It’s hard for me to believe that February 2014 will mark the two-year anniversary of Wendy Jane’s Soul Shake. I still feel somewhat new to this journey of exploring my passion for all things race relations, yet when I reflect on what I strove to discover and connect with in 2013, I feel happy and full. I can’t wait for all that 2014 will bring my way, and thank all of you for all of your comments, and dialogue here on the blog, and in “the real world.” I truly cherish making these connections, and I hope that during the times I’ve offended, and have been enlightened, I have done so with humility. I have also cherished moving through these difficult “bumps” and embracing the opportunity to learn and grow.
Read on for the WJSS 2013 Year-In-Review:The year started off on a celebratory note, with It Was A Happy Inauguration Day, a look at President Obama’s second term swearing into office. On a more personal note, I also reflected on the possibility that I may have racially profiled two young, black men as shoplifters while I shopped for shoes in Wendy Jane Catches Wendy Jane Racially Profiling! Wait That’s Me! , a post which seemed to be a favorite with readers.

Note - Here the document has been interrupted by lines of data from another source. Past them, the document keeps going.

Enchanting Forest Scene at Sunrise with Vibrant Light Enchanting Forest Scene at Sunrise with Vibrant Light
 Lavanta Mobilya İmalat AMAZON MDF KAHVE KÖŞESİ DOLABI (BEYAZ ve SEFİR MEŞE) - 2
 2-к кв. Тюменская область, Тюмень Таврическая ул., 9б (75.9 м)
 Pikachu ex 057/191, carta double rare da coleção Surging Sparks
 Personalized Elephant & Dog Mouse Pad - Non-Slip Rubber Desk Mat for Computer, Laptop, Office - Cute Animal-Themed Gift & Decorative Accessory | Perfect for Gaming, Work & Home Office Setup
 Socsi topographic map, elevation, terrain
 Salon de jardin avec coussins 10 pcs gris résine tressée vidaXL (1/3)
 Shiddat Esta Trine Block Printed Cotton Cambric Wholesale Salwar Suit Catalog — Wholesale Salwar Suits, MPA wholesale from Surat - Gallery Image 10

March focused on arts and culture with posts on Black Dandyism and artist, Hank Willis Thomas, an assumption on my part with I Was Wrong, Some Black People Laughed at Django Hood Scene, and my multi-cultural Seder post: Blacks and Jews and Matzo: My First Swirled Passover.
In June I was lucky enough to see and reflect on the MJ Cirque de Soleil Show, but just a month later after my sadness and anger over the Trayvon Martin verdict, I wrote What Trayvon Doesn’t Get To Do, and after seeing countless tweets and facebook posts by white people who belittled or were blind to the matter of race and white privilege around Trayvon’s case, I felt pressed to write If You’re White, Get It Right: Wendy Jane’s Primer For White People On How To Have Conversations On Race , the primer I view as still a work-in-progress.
My interview with Alex Ishmael Wiggins, who generously shared his experiences with racism as a young black man transplanted to Florida from Rhode Island, was a highlight for me, and I look forward to doing more interviews in 2014. Along those same lines, I’d like to cover more news on local culture as I had the opportunity to do with An Evening Out: Local Women of Color Artists Speak at AS220.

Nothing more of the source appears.